Rational Emotive Behavioural Therapy

I’ve been interested in various aspects of the mind ever since living and working in a residential therapeutic community in my early twenties. Since then, I’ve published papers and book chapters on psychotherapy, philosophy and psychedelics. I’ve presented and taught on psychedelics and I’ve also published widely on nature, mythology, philosophy and culture. I was an award-winning nature writer and a philosophy PhD student before realising that staring at Microsoft Word for months at a time was miserable and that I wanted to work in the moment.

I’m currently training in Rational-Emotive Behavioural Therapy at the College of Cognitive and Behavioural Therapies in London. I chose REBT/CBT for its evidence base but I’m sceptical of best-modality claims and inclined to see each as a toolkit whose value alters according to context. My approach is to take a broad view of the beliefs we hold, the meaning we attribute to them and the complex intersections of biology, history and our social environment in considering how best to live.

I am working in placement with Niklas Serning. More information including how to book can be found here.

What is REBT?

Rational Emotive Behaviour Therapy was developed by Albert Ellis in the 1950s and 60s. Ellis trained in psychoanalysis before becoming frustrated at its slowness and lack of efficacy. He noticed that much of what troubled his clients stemmed not from mysterious psychodynamic processes but from their philosophical view of their situation. At a time when psychoanalysis and behaviourism were the two dominant theories in psychology, Ellis departed from the idea that humans are inextricably subject to outside conditioning by focusing on the mind’s capacity to learn and change.

The mental distress we all experience at times tends to arise in certain situations. REBT looks at the precise elements of those situations and how they trigger particular beliefs. REBT is quick and effective at identifying and scrutinising beliefs that are holding us back in life. Sometimes we turn desires into absolutist demands that we then impose on ourselves or others. Sometimes these are ideas we’ve picked up socially – when Albert Ellis first developed what he then called Rational Therapy, he was working with clients mired in rigid 1950s attitudes around status, work and relationships. We may have moved on from there, but where there is outrage, fear or distress in human relations, there are usually some beliefs lurking beneath the surface that we would do well to examine.

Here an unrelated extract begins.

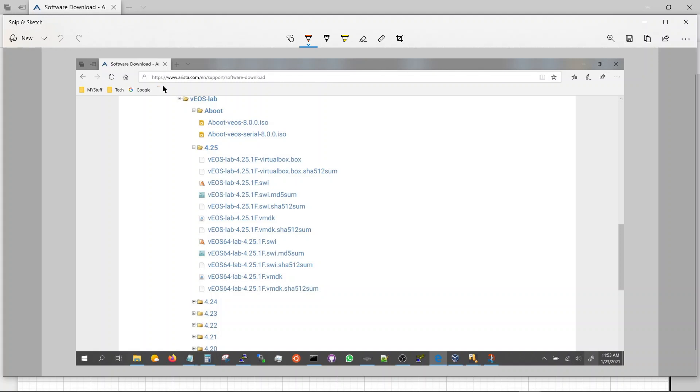It's publicly available, you have to register and then log in. You can go there under software and download, and under support and then software download.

The next step is to think how best to move forward. Often, we have patterns of emotion and behaviour that aren’t working for us, and changing our mindset is about changing practical as well as intellectual habits.

Not all mental distress is caused by beliefs. Sometimes we find ourselves in an intractably difficult environment, and some of us will struggle with predispositions to depression, anxiety or psychosis. However, there is always a window of agency, no matter how small it might look at first sight, in which we can think about how to orient ourselves towards the world as best we can. REBT works in this window.

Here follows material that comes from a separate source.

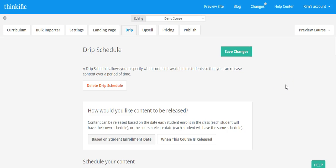Now, of course, this is an option. You don't have to drip out content, which means releasing it at certain time periods. If you're just going to give your students access to everything in the course as soon as they enroll, then you don't need to set up a DRIP schedule. But if you're hoping to release maybe one new module a week or one new lesson every few days, then you will want to set up a DRIP schedule.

REBT isn’t a panacea. It’s a therapeutic toolkit. Tools are really useful but they work best when they’re the right tool for the job, and any style of therapy making grand claims about its unique ability to solve all ills should be treated with caution. Any therapist who can’t see beyond their toolkit should be treated with caution too! A core teaching of Ellis was that rigid thinking causes problems down the line. That said, REBT is a tool that works very well for people who want to move on from mental distress. It isn’t such a good fit if what you primarily want from therapy is comfort and validation; it still needs a solid therapeutic alliance, but it does more than offering a listening space. It takes work, but we can work together as a team and move at your pace. We can take the time to explore how your beliefs fit into the bigger picture of your experience in the world, and how to create meaning as well as focused change.